地方創生10年の陰鬱
△概要
地方創生が始まってから10年が経過しましたが、人口減少や東京圏への一極集中を食い止めることはできず、地方の衰退は続いています。政府はデジタル化や観光・農林業の拠点整備など多岐にわたる施策を実施しましたが、成果は限定的でした。首都圏からの移住促進や地方での雇用創出が思うように進まず、地方自治体間での人口の奪い合いが続いています。今後は、首都圏の大企業から優秀な人材を地方に派遣するなど、新たなアプローチが必要です。地方中核都市の機能を充実させ、地方創生を再スタートさせることが求められています。
□地方創生の現状と課題
○地方創生が始まって10年が経過しましたが、人口減少や東京圏への一極集中を食い止めることはできず、地方の衰退は続いています。政府はデジタル化や観光・農林業の拠点整備など多岐にわたる施策を実施しましたが、成果は限定的でした。首都圏からの移住促進や地方での雇用創出が思うように進まず、地方自治体間での人口の奪い合いが続いています。地方創生の基本目標である「地方での雇用創出」「地方への人流作り」「若い世代の結婚・出産・子育てを叶える」「魅力的な地域作り」の4つの目標は達成されていません。
□政府の取り組みとその評価
○政府は今年6月、2014年に始めた地方創生に関する報告書を発表しました。20年の国勢調査で5年前より人口が増えた自治体が317あるなど、「成果が一定数ある」と評価しましたが、「国全体で見たときに人口減少や東京圏への一極集中などの大きな流れを変えるには至っていない」とも認めました。自賛と自戒が入り交じるかのような表現ですが、10年間の取り組みを振り返れば、認められるような成果につながった政策は少なく、抜本的な見直しが必要だと言わざるを得ません。
□地方人口増の裏側
○地方での仕事は思うように増えず、14年からの10年間で首都圏では就業者数が約11.5%増えたのに対し、それ以外の地域では4%増にとどまりました。政府が成果として挙げた一部自治体の人口増も自治体間の人の奪い合いにすぎません。例えば、北海道では23年に道内から札幌市に約1.1万人の転入超があったが、同市からは首都圏に2232人の転出超となりました。地方都市が人を集め、首都圏がさらにそこから人を吸引する構図は変わりませんでした。
□新たなアプローチの必要性
○首都圏などからの移住を優先課題にする従来の考え方を転換し、首都圏の大企業などに徹底して働きかけて補助金も付け、優秀な人材を兼業や副業の形で地方の中小・スタートアップ企業などの支援に回すといった手もあります。経営幹部やコンサルタントなどでの活用も考えられます。
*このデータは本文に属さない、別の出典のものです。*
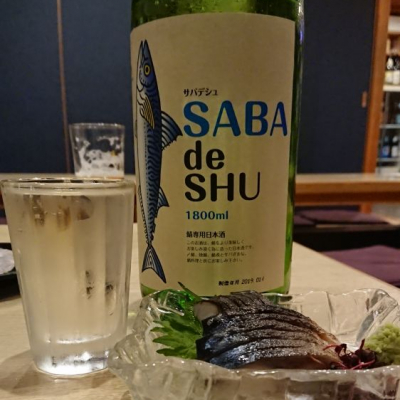 SABA de SHUのレビュー by_K.Ota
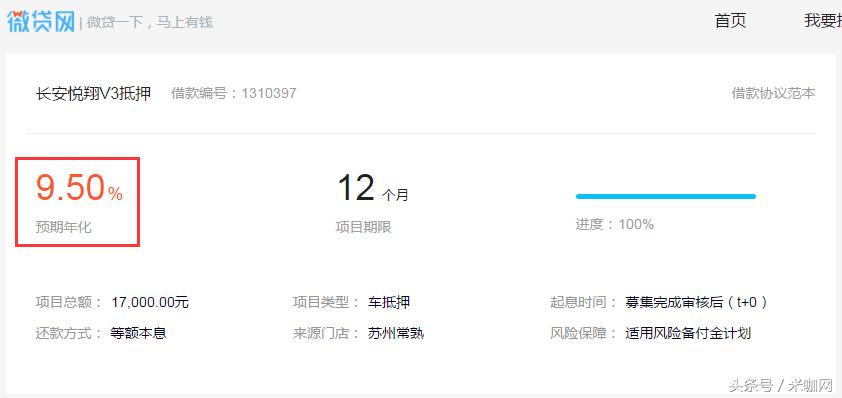 p2p本金要回套路,p2p怎么收割中产的
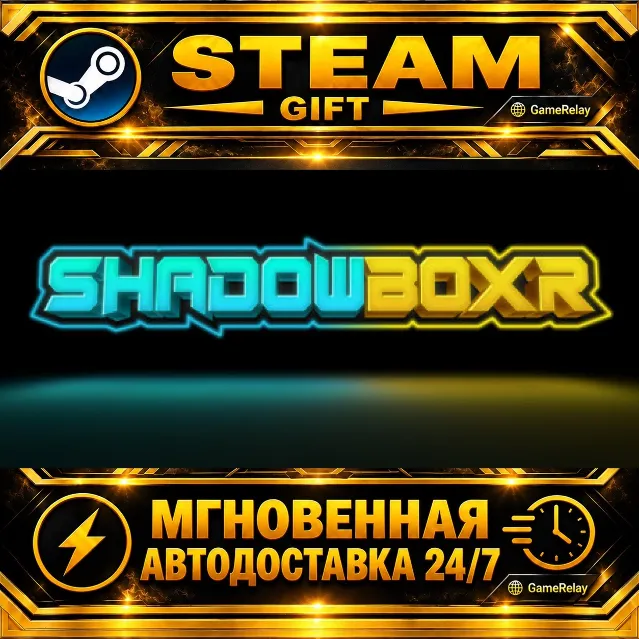 Shadow BoXR · STEAM GIFT · АВТОДОСТАВКА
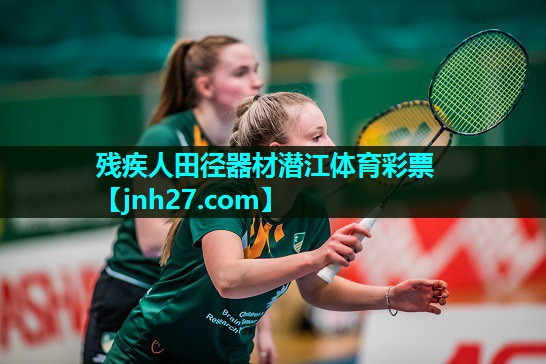 残疾人田径器材潜江体育彩票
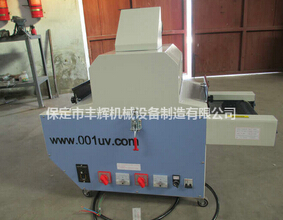 臺(tái)式uv光固機(jī)--綠色，不含甲醛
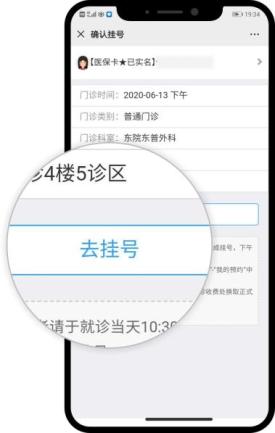 仁济互联网医院怎么开药_仁济药房网上药店_仁济医院网上买药
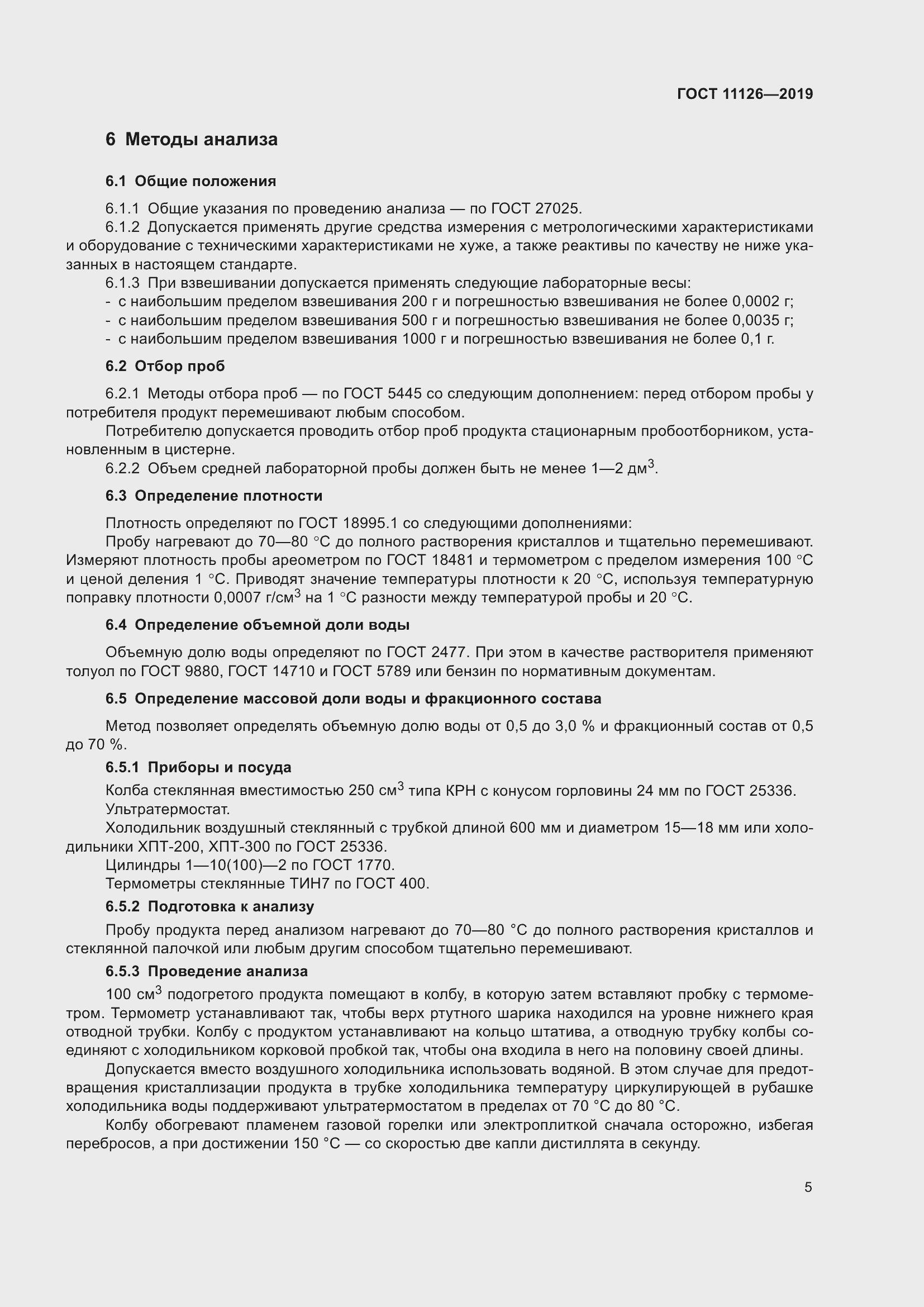 Страница 9 ГОСТ 11126-2019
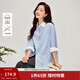茵曼（INMAN）撞色翻領(lǐng)刺繡條紋襯衫2026春季女裝新款寬松長(cháng)袖純棉襯衣上衣 藍條 M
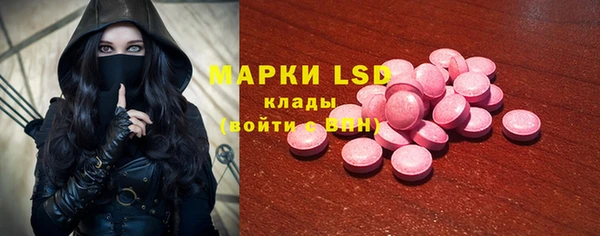 дистиллят марихуана Карпинск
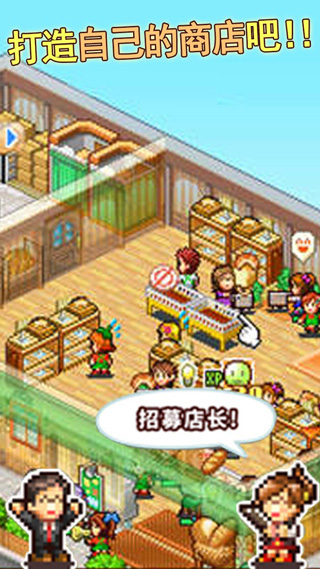 梦想商店街物语汉化版完整版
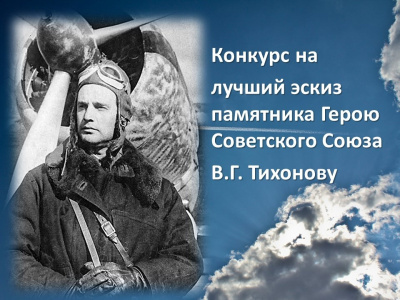 Продолжается прием заявок на лучший эскиз памятника Герою Советского Союза Василию Тихонову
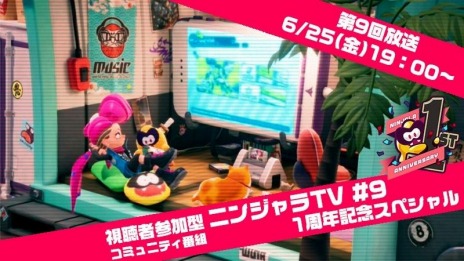 ꡼ No.010 | ֥˥󥸥פ˥ֵǤοϡפȤΥܤ720곫š˥󥸥TV #9 1ǯǰڥۿ19:00˥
そうした人材のキャリア形成まで手厚く支援しながら、有能な人材の頭脳移転を図ることが重要です。
□地方中核都市の機能充実
○札幌や福岡などの中核都市の機能をもっと充実させ、首都圏への流出をそこで食い止める方策も重要です。地方中核都市に人材が残れば、意思決定を東京ではなく地元でできるので、その他地域との人材、資本の交流は進めやすくなります。地方創生を再スタートさせるためには、もっとできることがあるはずです。